-- Opening Marker --
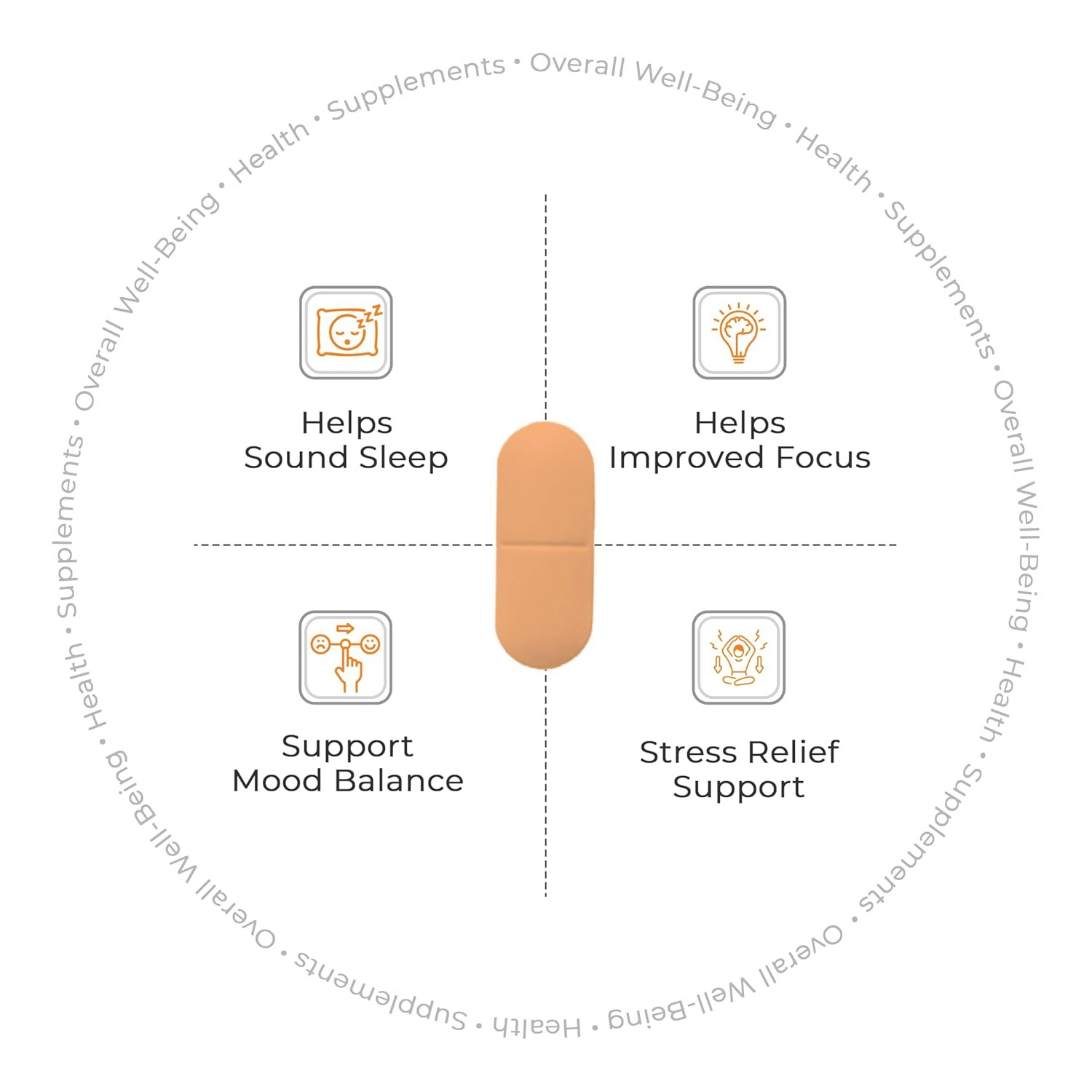 As-It-Is Atom Sleep Non-Addictive Sleep-Aid Veg Tablets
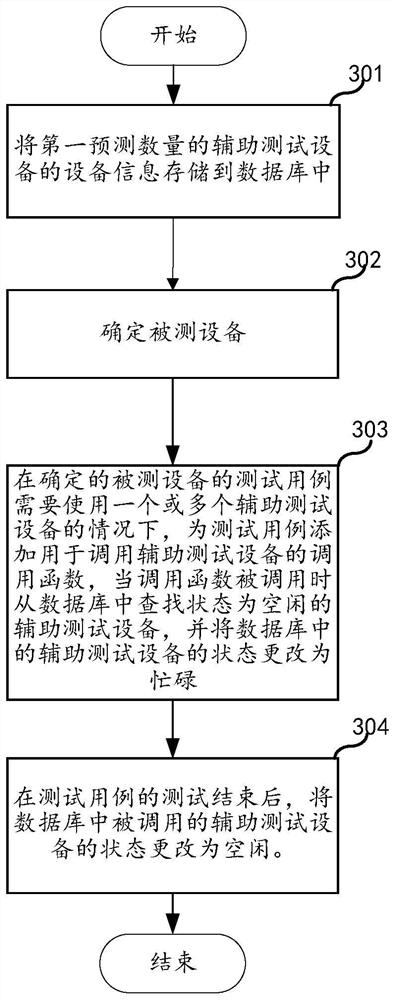 Acquisition method and device of test equipment, electronic equipment and storage medium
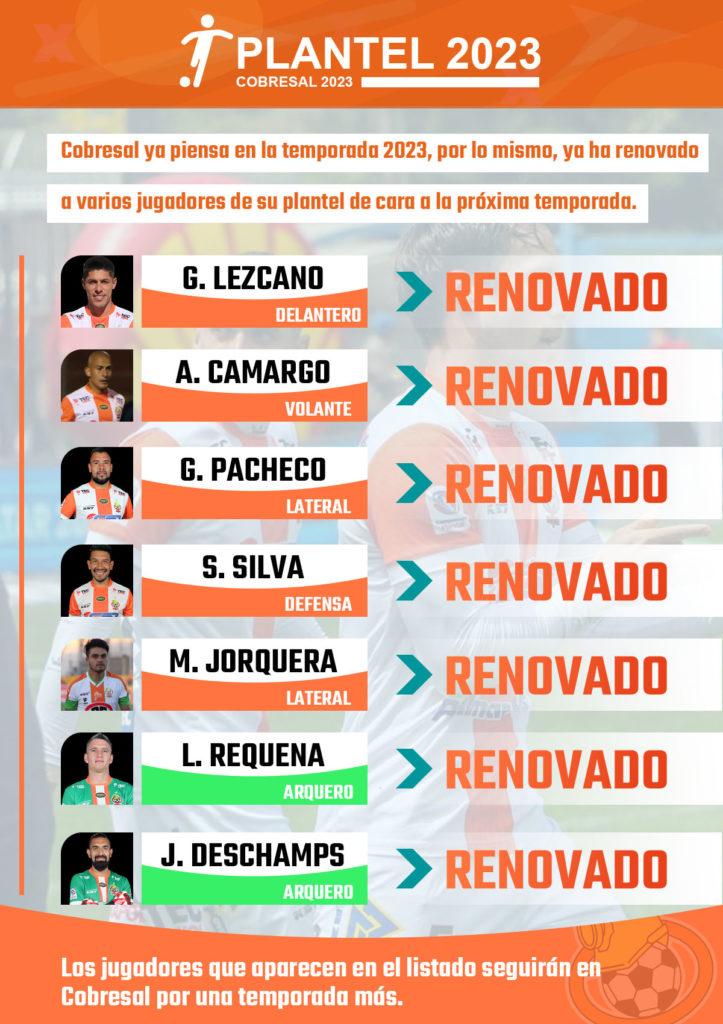 renovaciones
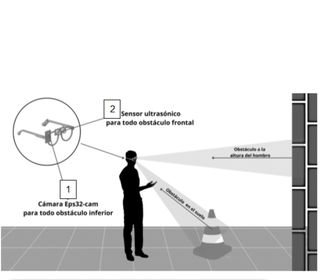 Innovación con impacto social: UTP presenta patente de invención para personas con discapacidad visual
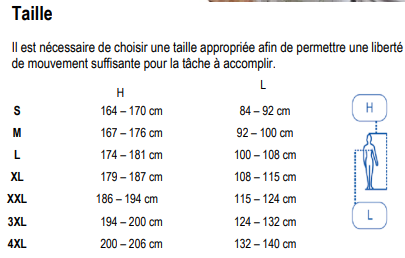 Combinaison blanche 3M spécial plomb XL (carton de 20u)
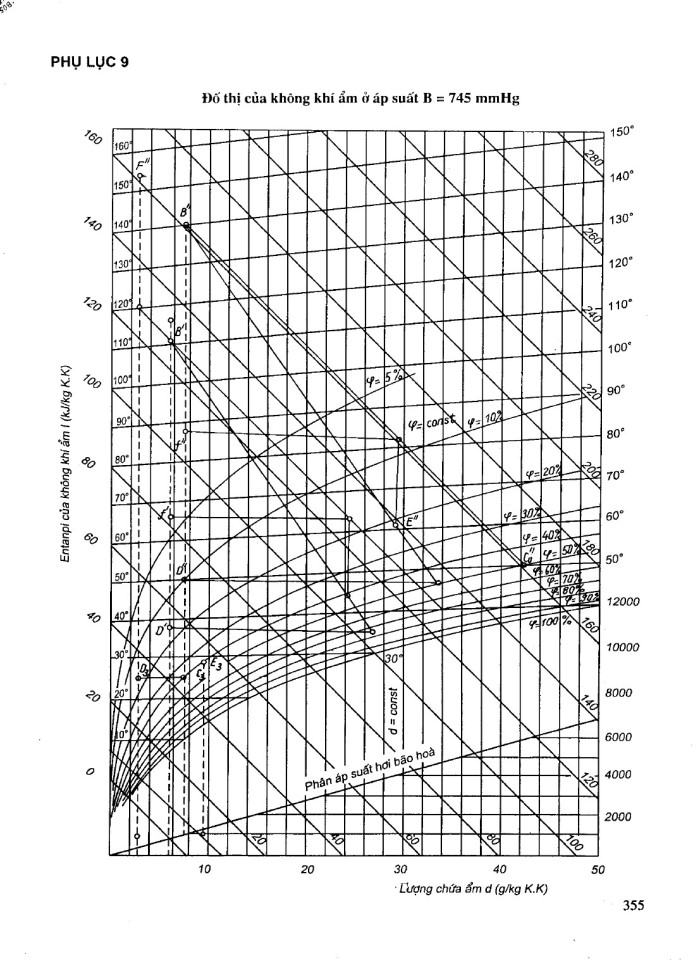image for page Tính toán và thiết kế hệ thống sấy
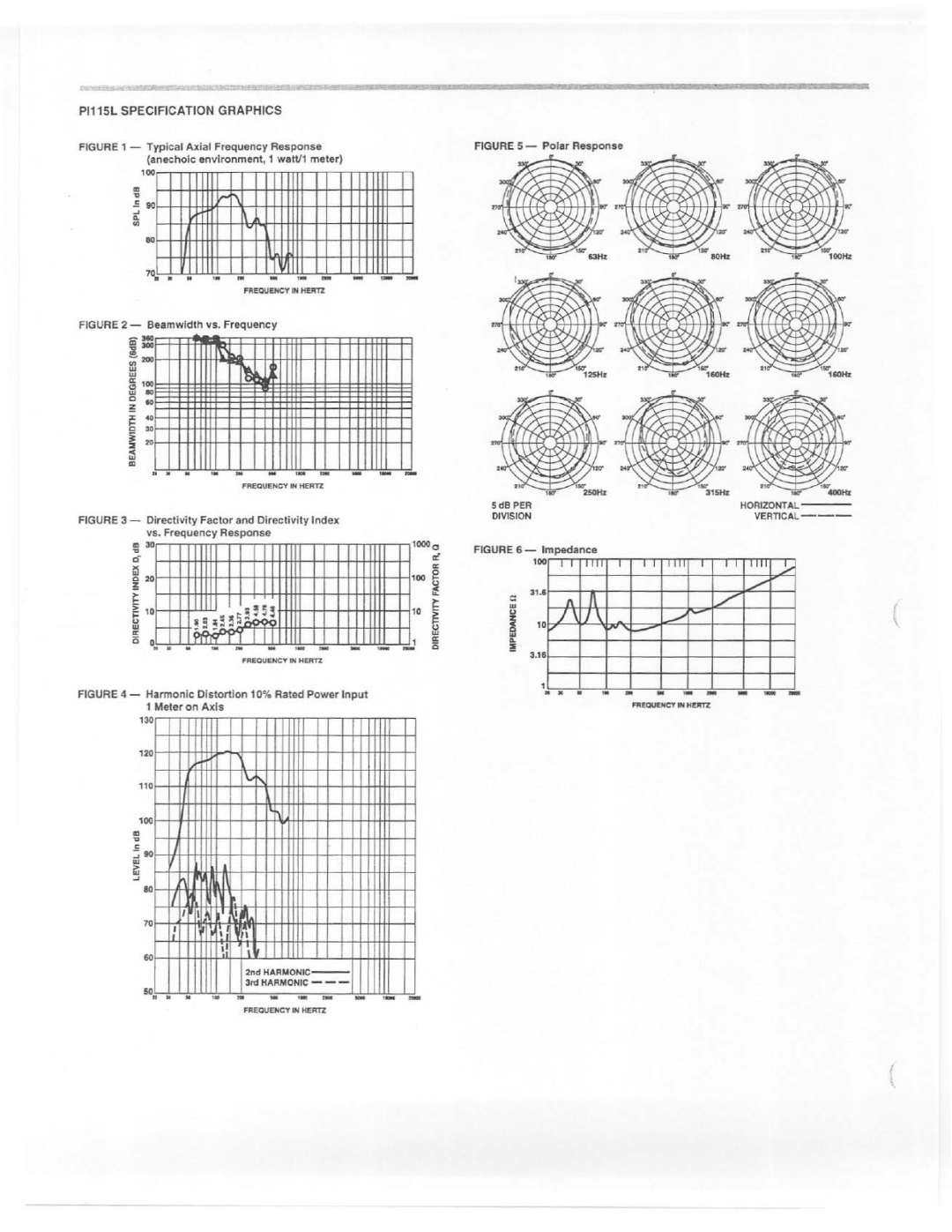 Electro-Voice PI115L manual 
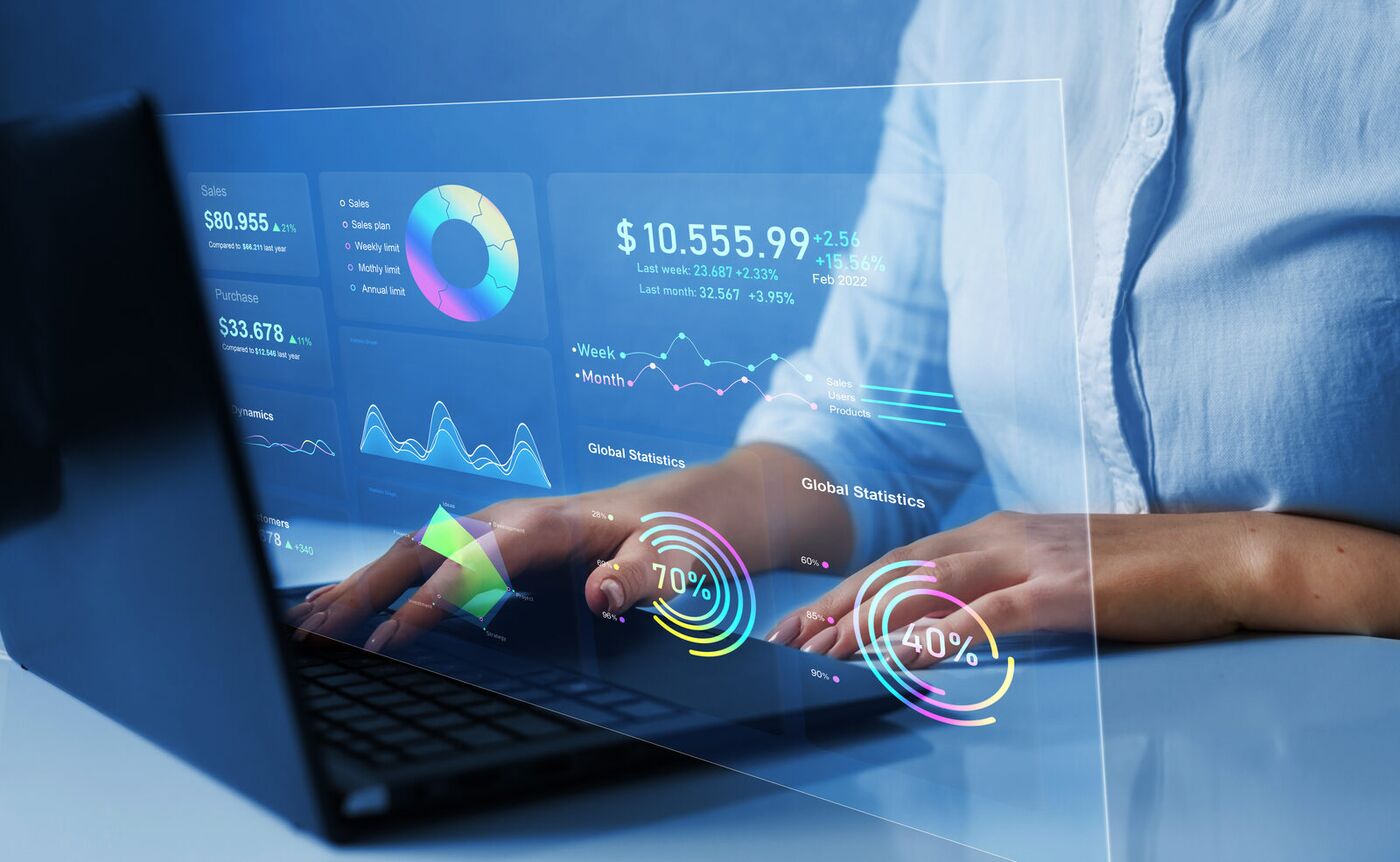 Amazon PPC management dashboard showing ACoS metrics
-- Closing Marker --
→ Task directions
Reproduce each entry exactly as given; no pictures, please.

→ Exercise result
 As-It-Is Atom Sleep Non-Addictive Sleep-Aid Veg Tablets
 Acquisition method and device of test equipment, electronic equipment and storage medium
 renovaciones
 Innovación con impacto social: UTP presenta patente de invención para personas con discapacidad visual
 Combinaison blanche 3M spécial plomb XL (carton de 20u)
image for page Tính toán và thiết kế hệ thống sấy
 Electro-Voice PI115L manual 
 Amazon PPC management dashboard showing ACoS metrics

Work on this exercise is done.